Well, I was using IE7 to access my homepage on my server, and got a blank page, with the browser giving me the following message:

This website wants to run the following add-on: 'Microsoft Data Access - 
Remote Data Services Dat ...' from 'Microsoft Corporation'. If you trust the 
website and the add-on and want to allow it to run, click here ...

When I checked out the source code, all that existed in the body of the code was:

http://www.555traff.ws/trf/traf.php

Upon further investigation, I found all index.html files on my site to contain this code, but most of them still had their original code as well. The main index.html file was the only one that had been erased. Some of the files had the code twice.

Who knows what is going on, please?

I assumed I needed to shut down the entire site, because anyone accessing the pages would be asked the question, and be subject to whatever happens afterwards. Of course I didn't click into it, and I highly doubt it is from microsoft. The site is hosted remotely, so I do not have access to the servers other than my own memory.

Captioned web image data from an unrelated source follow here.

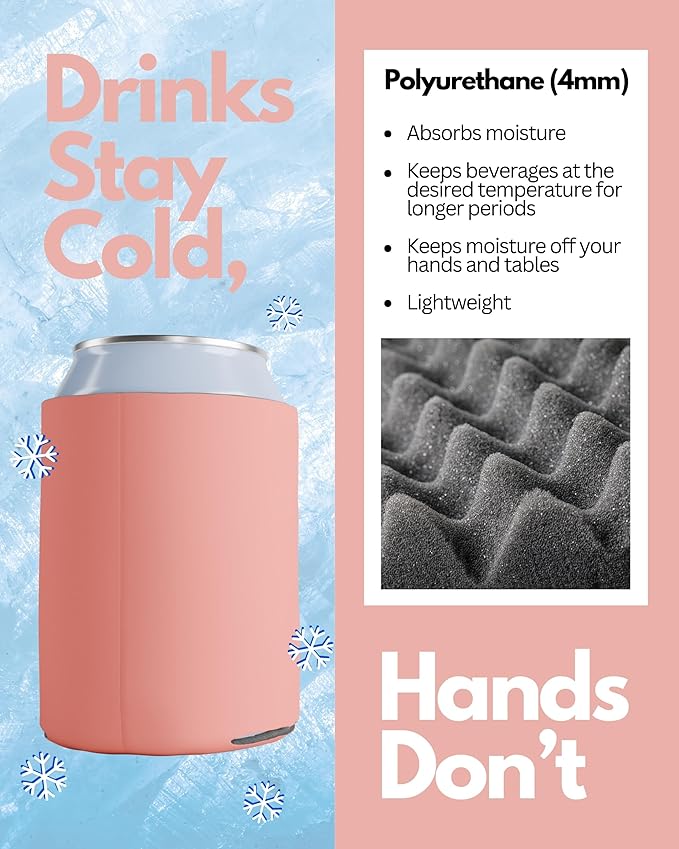 PartyPrints 100 Pack Strawberry Ice Blank Can Cooler Sleeves, Customizable Bulk Insulated Foam for Beer, Collapsible Plain Drink Holder, Cold Soda Insulator, 12oz Regular, 16oz Tall Cans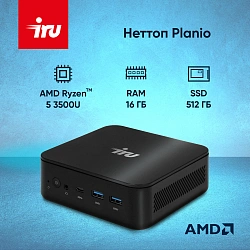 Неттоп IRU Planio 325 Ryzen 5 3500U (2.1) 16Gb SSD512Gb Vega 8 FreeDOS GbitEth WiFi BT 65W черный (2105310)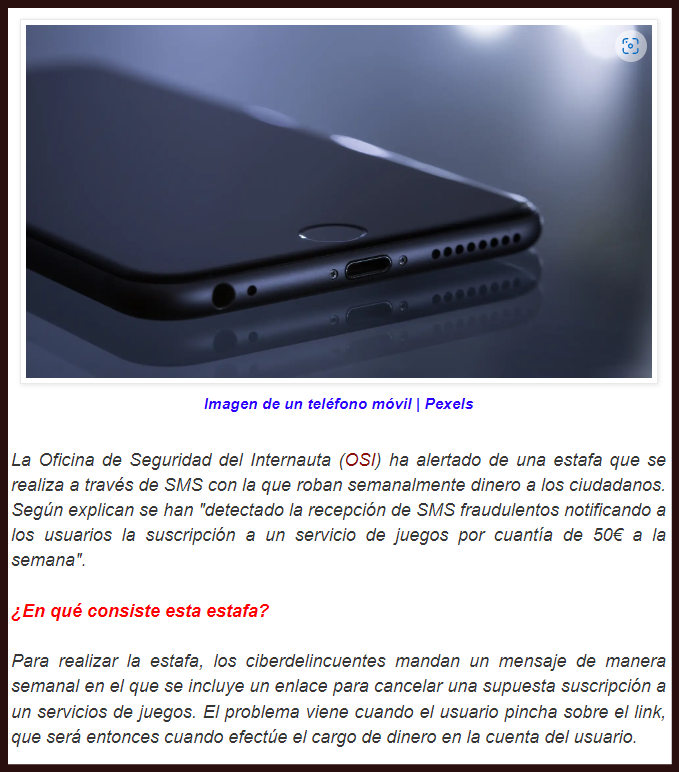  Alerta de estafa: utilizan este SMS para robarte 50 euros cada semana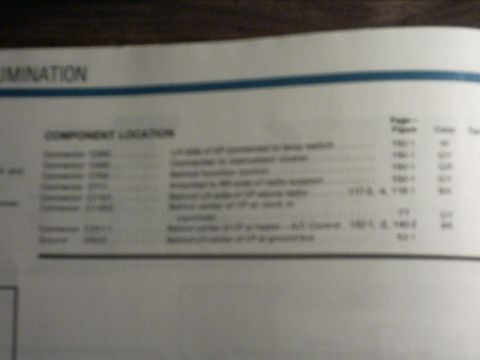 1991 Ford LTD Crown Victoria - Blurry close-up snapshot of an open wiring/service manual page under a blue header rule ending in "...UMINATION," showing a "COMPONENT LOCA…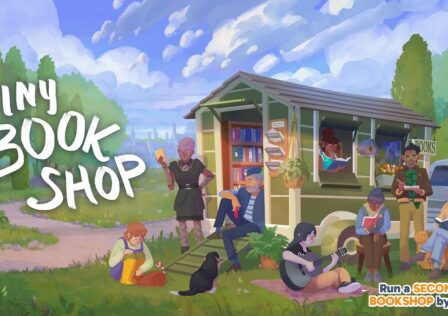 featured image for our news on Tiny Bookshop mobile. It shows a motorhome. Outside, some people are chatting with each other, one is playing with cats, one is playing her guitar, and few are reading books.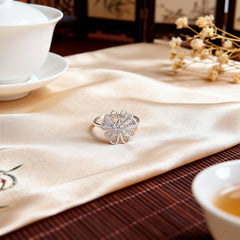 Chinese ICH Silver Filigree Ring Exquisite Floral Design Traditional Craft - YHS-ICH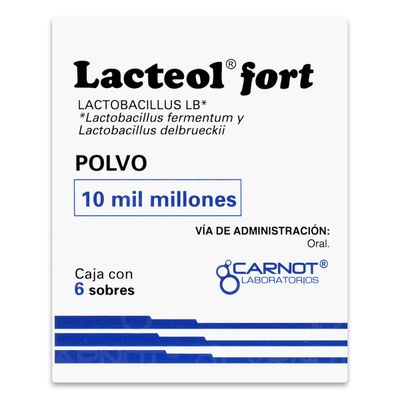 LACTEOL FORT 10 MIL MILLONES POLVO ORAL 800 MG 6 SOBRES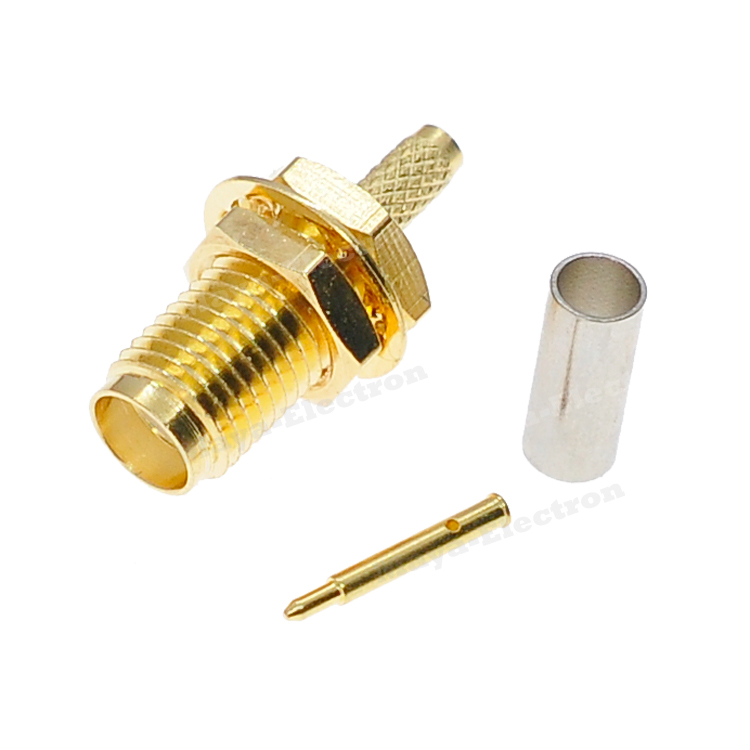 RP-SMA female plug bulkhead connector Crimp for RG316 RG178 RG174 Coaxial Cable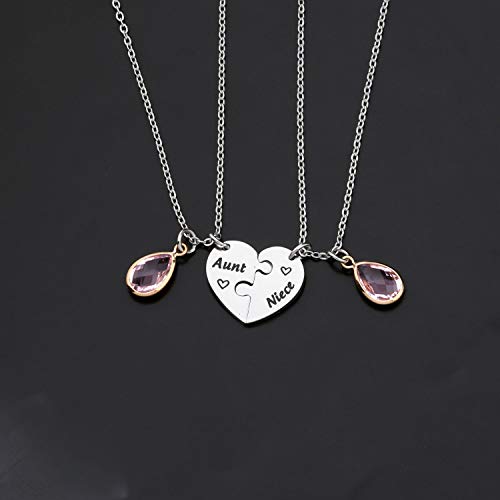 UJIMS Aunt and Niece Heart Matching Necklace Set - Auntie Niece Jewelry for Her Birthday Gift or Nephew Gift2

Your comments are appreciated.


----------



## JRWalker (May 21, 2007)

Contact your Web Host and inform them!


----------



## The BOBS Fan (Nov 29, 2006)

Well, of course. They went through and purged all of the excess code from my pages -- very quickly, I might add, but without explanation.

Just wondering what a) was going on, and b) if I could do anything to prevent it (I did change my password, just in case!)

TBF


----------